Dokter cantik itu pun berpamitan kepada Dara sebelum benar-benar meninggalkan kamarnya.

Setelah Sinta tidak terlihat lagi, Dara segera menutup pintunya, saat ini begitu banyak pertanyaan yang muncul dibenaknya.

"Em, akrab banget ya sama dokter cantik itu!" ucap Dara menekankan kata cantik, hal itu membuat Alvian tergelak tertawa. Menurutnya, Dara lucu sekali saat marah atau mungkin cemburu seperti ini.

"Dia Sinta, teman kecil saat TK dulu. Kenapa? Cantik ya?" Alvian nampak mencari tahu apa yang Dara rasakan saat ini dengan menatap matanya, Alvian berharap Dara cemburu.

"Cantik," jawab Dara singkat.

"Kok jadi jutek gitu? Jujur saja, Kamu cemburu, kan? iya, kan?" Alvian menaik turunkan kedua alisnya dengan senyum menggodanya. Membuat Dara memerah dan memalingkan wajahnya.

"Cemburu? nggak lah. Oh iya tadi kenapa menolak dipakaikan salep oleh dokter cantik itu? Kenapa tidak terima saja? Kan saya jadi tidak perlu repot begini," Sambil mengolesi salep ke wajah Alvian dengan sedikit kasar, membuat Alvian meringis.

"Tolong pelan-pelan ya, Istriku!" sembari menahan lengan Dara yang digunakan untuk mengobati Alvian, saat itu Alvian menatap mata Dara dalam, begitupun sebaliknya.

"Dara, Kamu cemburu!" dengan riang Alvian mengatakannya, membuat Dara salah tingkah.

"Ngga, Ya! sudah lebih baik kamu kembali ke kamarmu!" ucap Dara sembari melepaskan cekalan di lengannya.

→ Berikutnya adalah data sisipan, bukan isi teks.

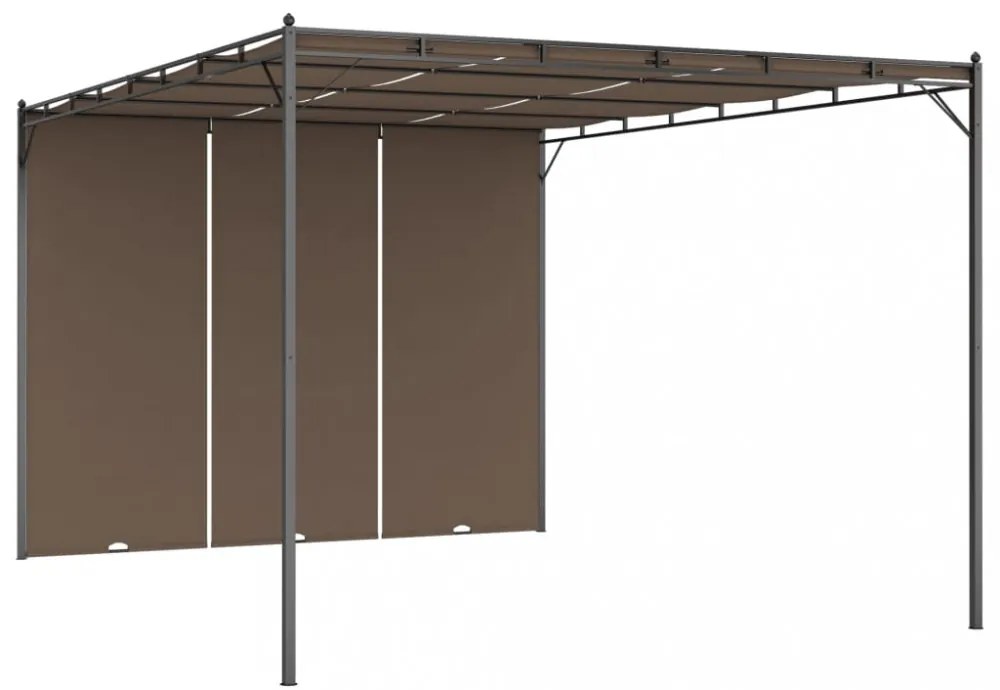 tópszínű kerti pavilon oldalfüggönnyel 4 x 3 x 2,25 m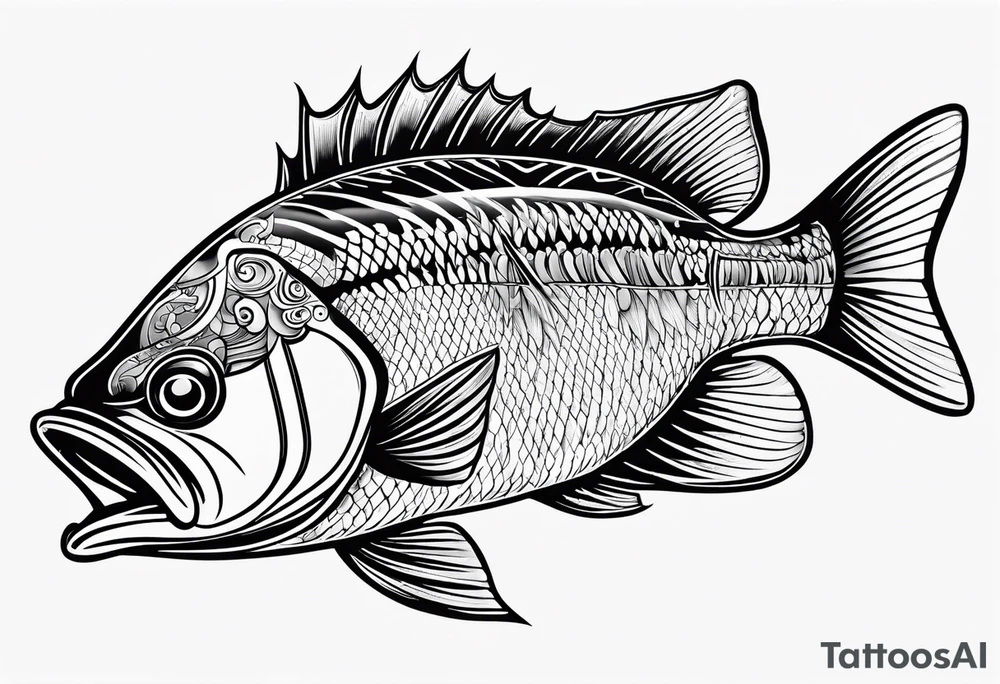 tribal bass fish, its tail turns into a fishing hook tattoo idea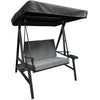 F. Corriveau International - Deluxe Swing with Cushions and Side Table, Steel Frame, Black - - Mounts For Less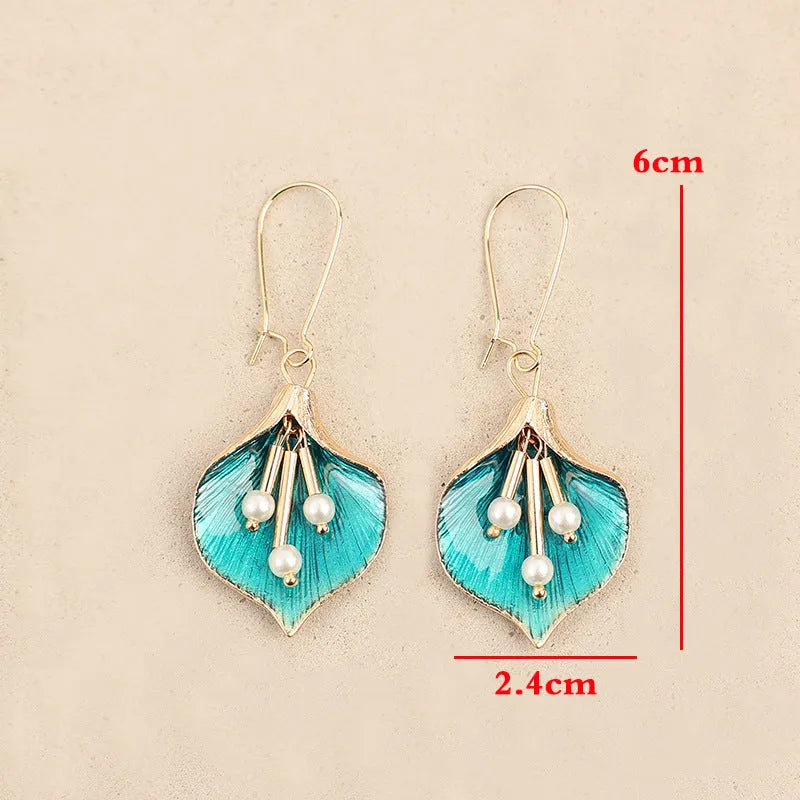 Women's Alloy Flower Earrings with Electroplating Finish - Retro Style Drop Earrings in Blue and Green for Everyday Wear, Dangle Earrings for Women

"Aaauu, aku sakit, Dara. Bolehkah aku bermalam disini? Aku mohon," Alvian memelas kepada Dara, membuat Dara tak tega, dan mengiyakan. Dara bangkit dan hendak menuju sofa.

"Dara, Kau mau kemana?" tanya Alvian, seolah takut ditinggalkan oleh Dara.

"Karna Kau sedang sakit, jadi aku mengalah tidur di sofa," jawab Dara, langsung saja Alvian menggeleng.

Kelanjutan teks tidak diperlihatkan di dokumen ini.